* MATERIAL SUPPLIED
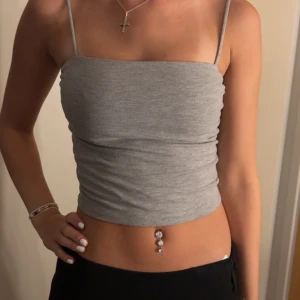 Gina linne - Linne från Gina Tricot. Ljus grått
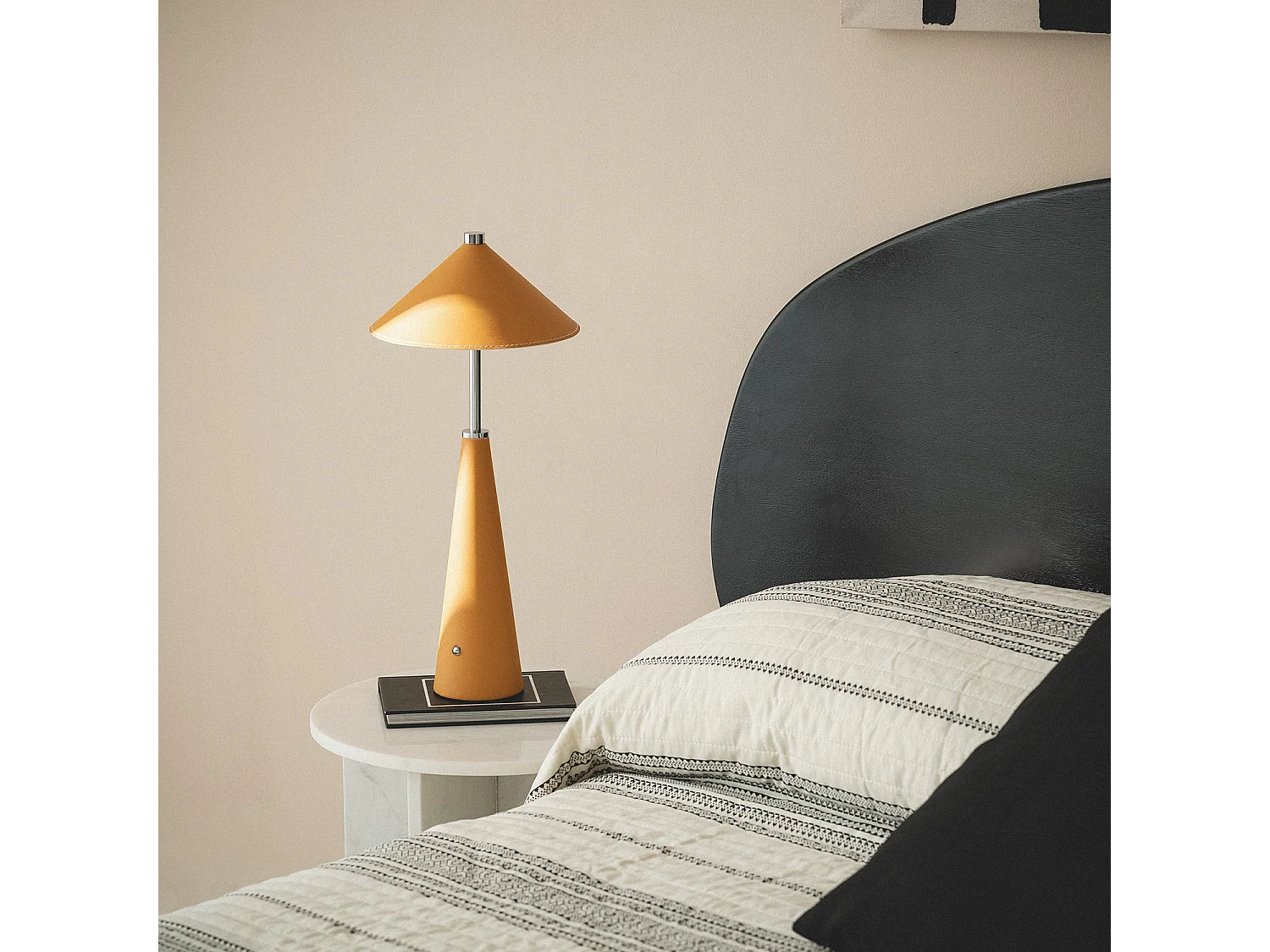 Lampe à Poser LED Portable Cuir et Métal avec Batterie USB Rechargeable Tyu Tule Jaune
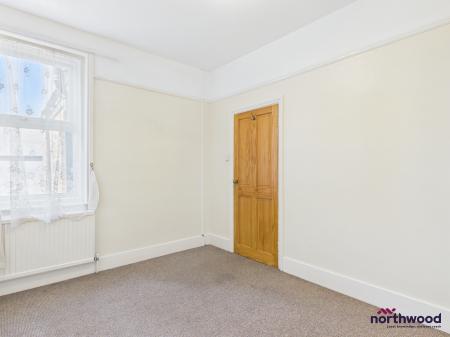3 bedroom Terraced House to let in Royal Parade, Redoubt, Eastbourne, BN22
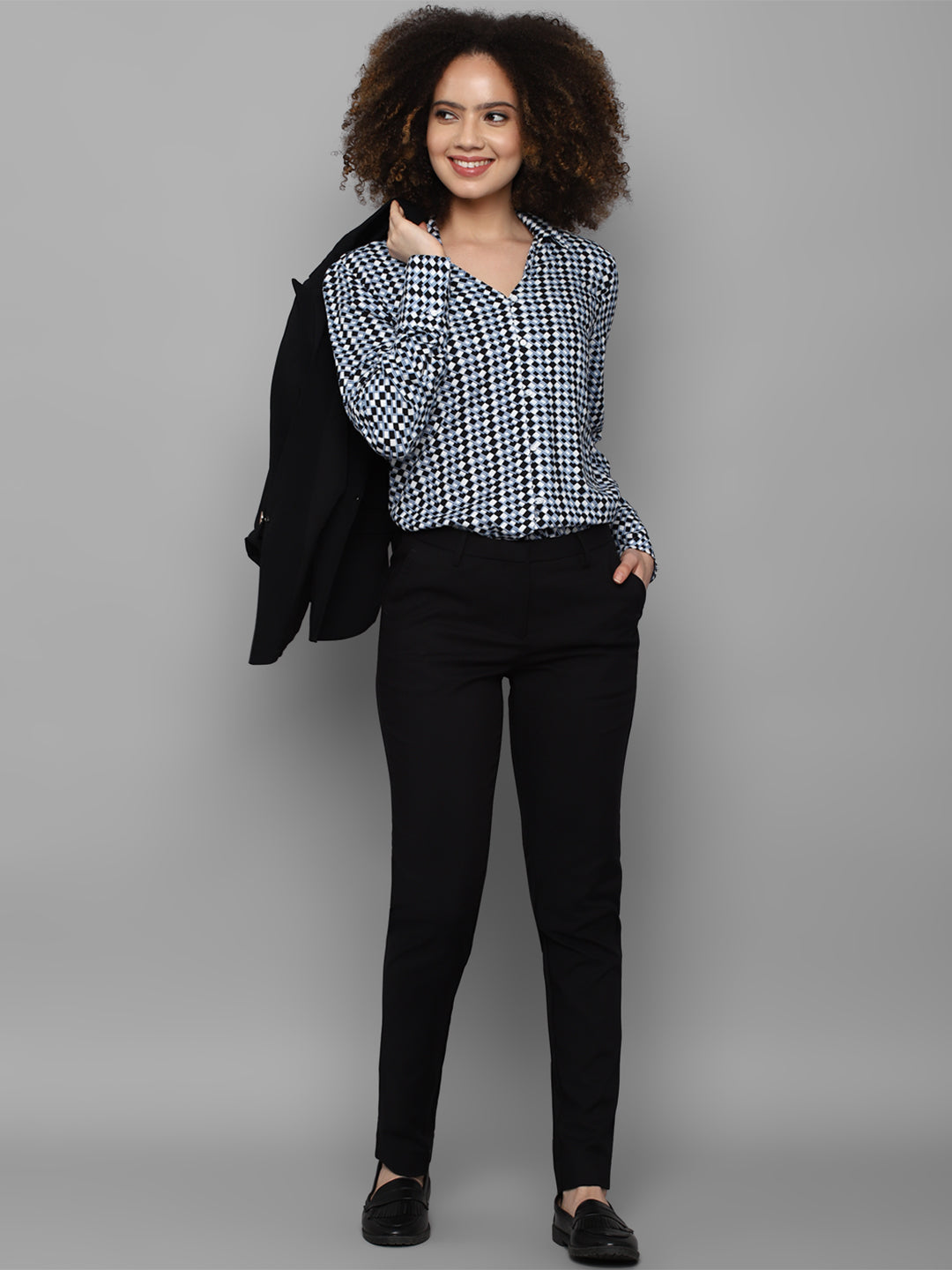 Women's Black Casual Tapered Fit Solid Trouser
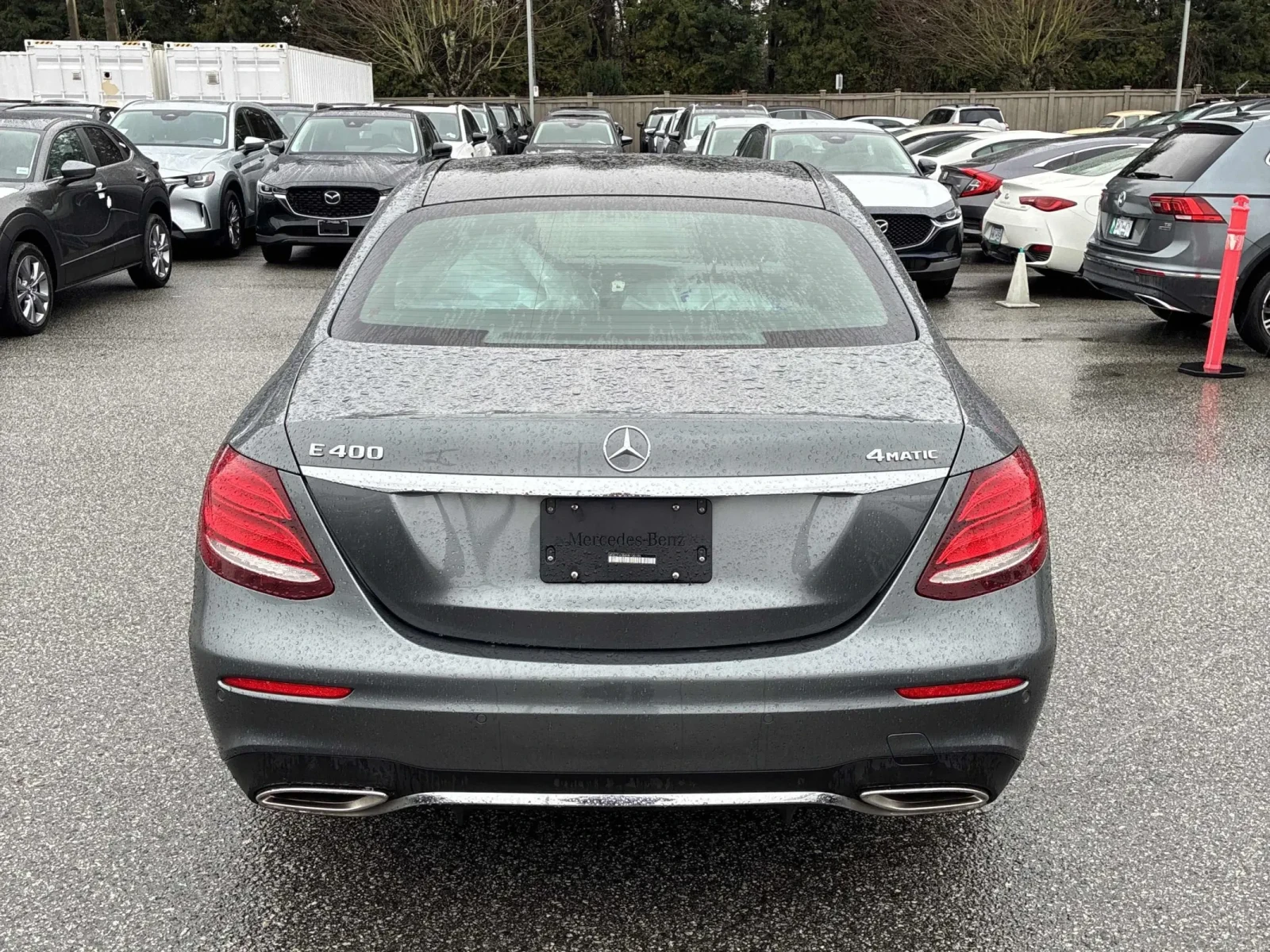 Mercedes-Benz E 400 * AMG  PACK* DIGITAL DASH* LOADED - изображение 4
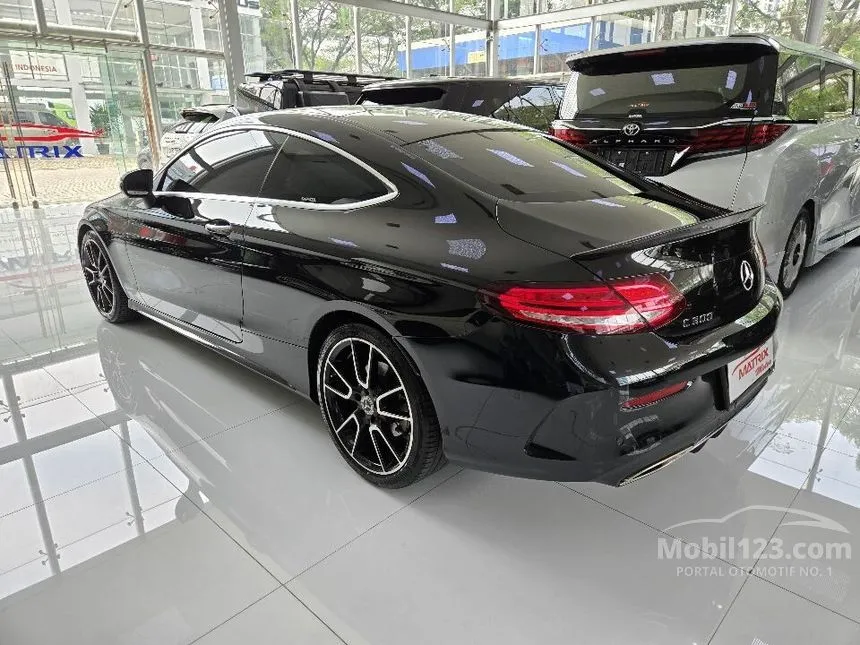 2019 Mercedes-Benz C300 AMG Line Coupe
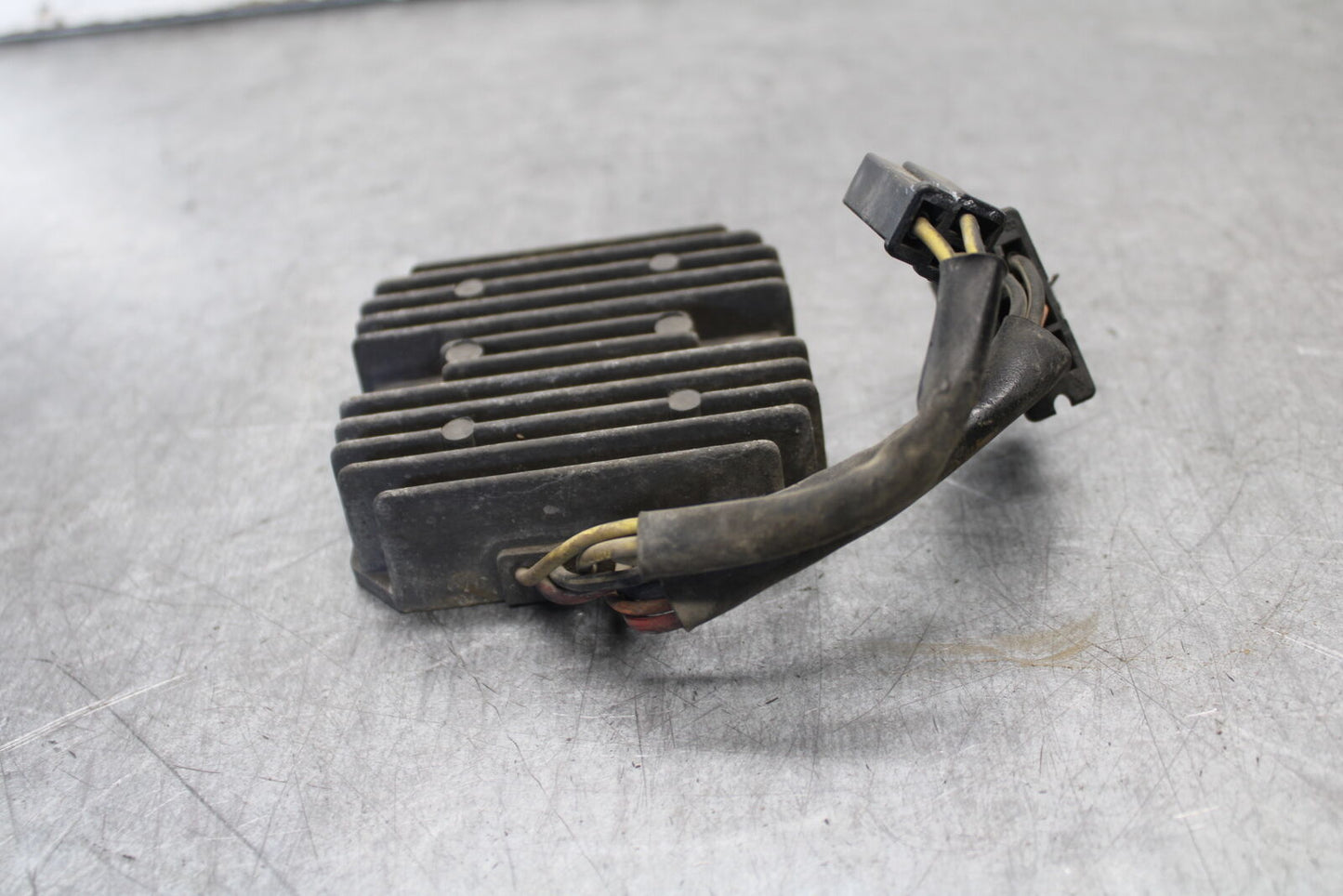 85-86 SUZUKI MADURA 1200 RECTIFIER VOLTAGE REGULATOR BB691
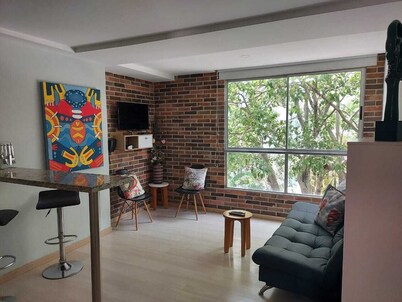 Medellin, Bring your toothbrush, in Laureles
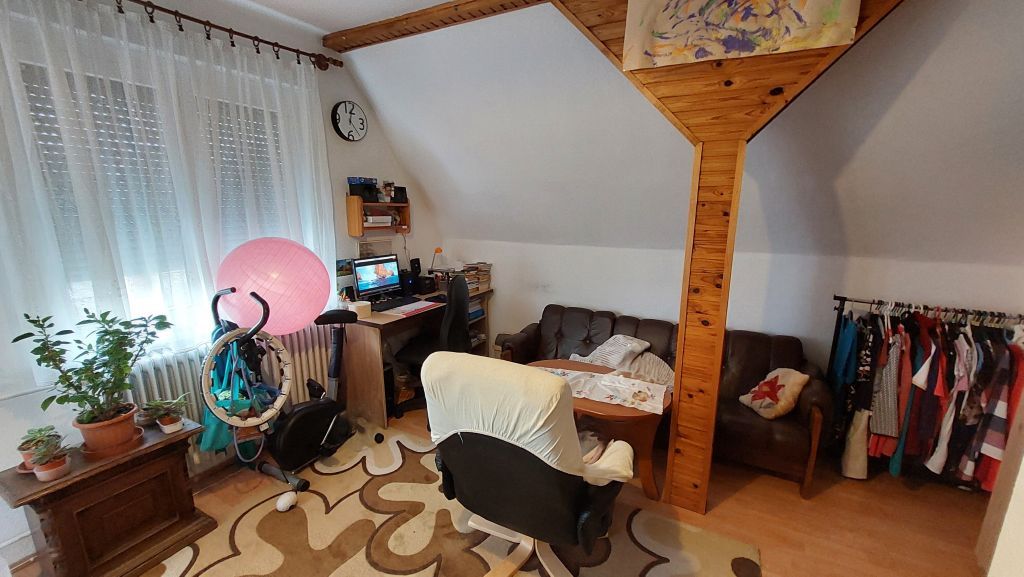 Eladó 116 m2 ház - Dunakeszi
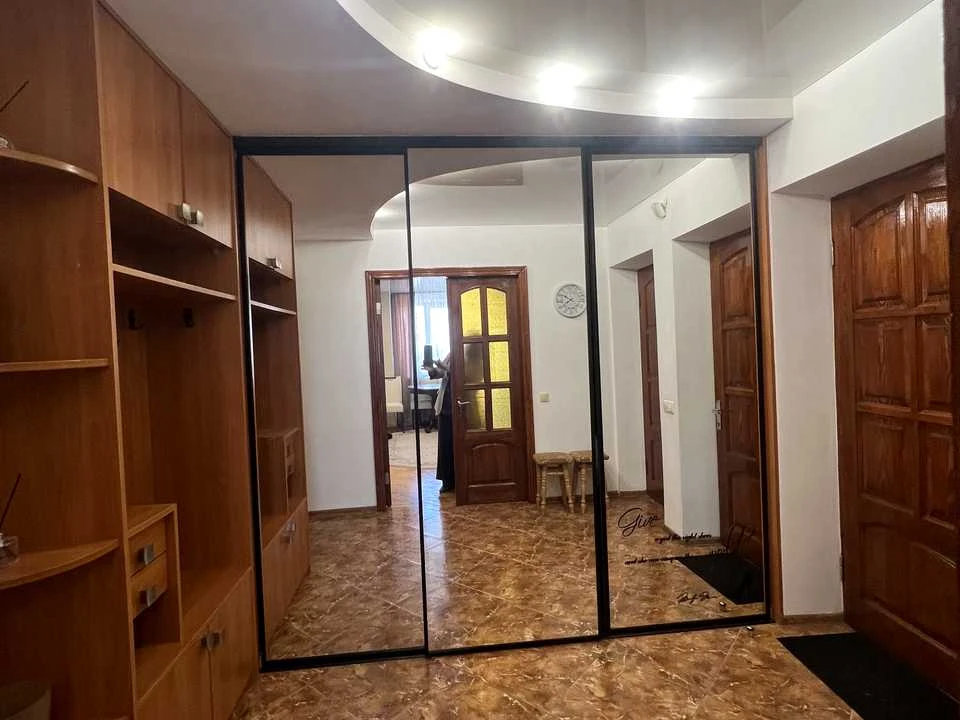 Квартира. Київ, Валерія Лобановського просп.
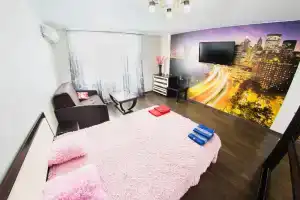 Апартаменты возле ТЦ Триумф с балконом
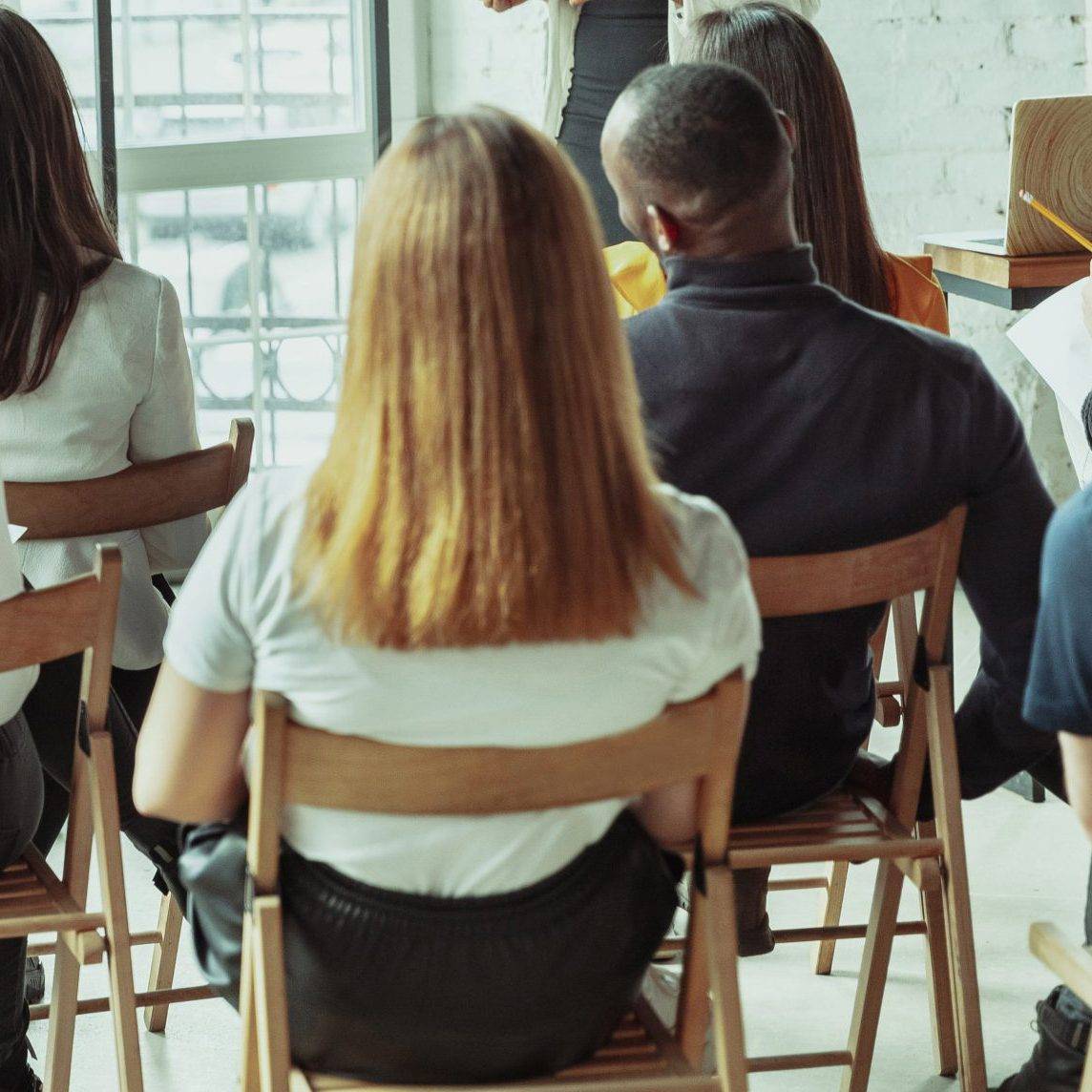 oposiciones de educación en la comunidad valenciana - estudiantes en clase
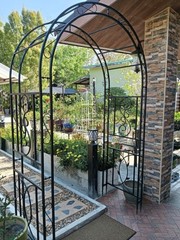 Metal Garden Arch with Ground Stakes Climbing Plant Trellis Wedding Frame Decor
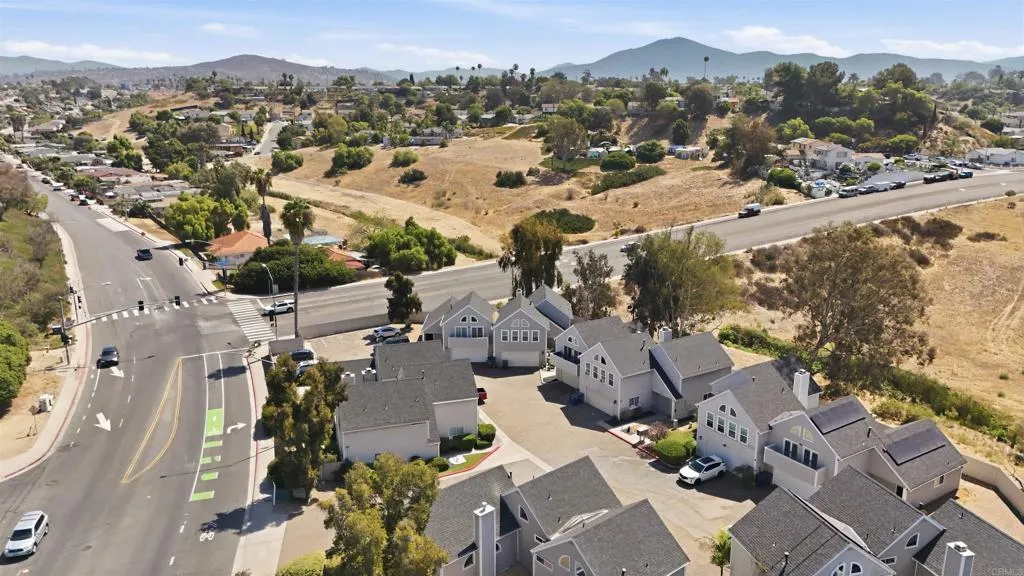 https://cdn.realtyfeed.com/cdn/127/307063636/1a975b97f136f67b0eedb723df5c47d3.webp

* YOUR OBJECTIVE
Could you write out exactly the lines of the data above that run from the one holding "Medellin, Bring your toothbrush, in Laureles" to the one holding "oposiciones de educación", with both ends in and all pictures out?

* SOLVED PROBLEM
 Medellin, Bring your toothbrush, in Laureles
 Eladó 116 m2 ház - Dunakeszi
 Квартира. Київ, Валерія Лобановського просп.
 Апартаменты возле ТЦ Триумф с балконом
 oposiciones de educación en la comunidad valenciana - estudiantes en clase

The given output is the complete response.